Reversed and remanded.

. In Padilla, the United States Supreme Court acknowledged that it must be careful about "recognizing new grounds for attacking the validity of guilty pleas” but noted that "in the 25 years since we first applied Strickland to claims of ineffective assistance at the plea stage, practice has shown that pleas are less frequently the subject of collateral challenges than convictions obtained after a trial.” 559 U.S. at -, 130 S.Ct. at 1485.

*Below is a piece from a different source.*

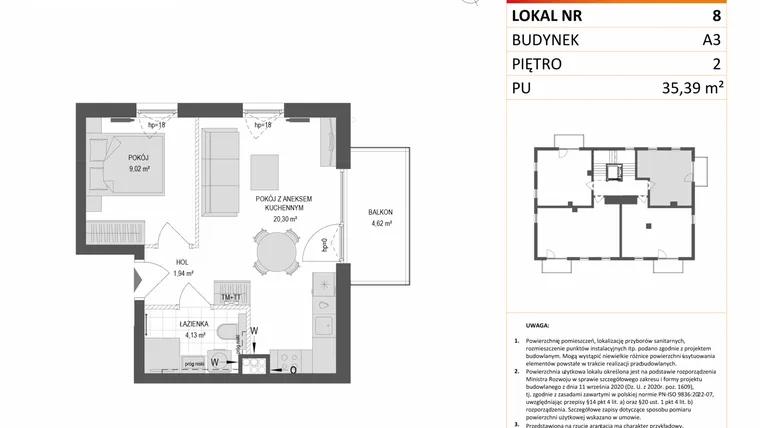 Rzut - Mieszkanie na sprzedaż 2 pokoje o powierzchni 35,39 m² - numer A3.8 w Gdańskie Zacisze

. At oral argument on appeal, Campos argued that violation of Rule 15.01, mandating that a non-citizen defendant be advised of immigration consequences of a plea is a separate ground for reversal in this case. See State v. Lopez, 794 N.W.2d 379, 380 (Minn.App.2011) (holding that an unrepresented defendant who entered a plea without signing a written plea petition and who had limited experience with the criminal-justice system satisfied the fair-and-just standard for pre-sentence plea withdrawal). But Campos only asserted the Rule 15 violation in a motion to reconsider; the district court never addressed the Rule 15 violation, and Campos did not raise the Rule 15 violation as an issue on appeal. We therefore decline to address the merits of this argument. See Roby v. State, 547 N.W.2d 354, 357 (Minn.1996) (stating that appellate courts will generally not consider matters not argued to and considered by the district court); State v. Butcher, 563 N.W.2d 776, 780 (Minn.App.1997) (stating that issues not briefed on appeal are waived), review denied (Minn. Aug. 5, 1997).

. We note, however, that the Minnesota Supreme Court, in adopting the retroactivity principles established in Teague, declined to be bound by the United States Supreme Court’s determinations of when fundamental fairness might require retroactive application of a new constitutional safeguard. Danforth, 761 N.W.2d at 500.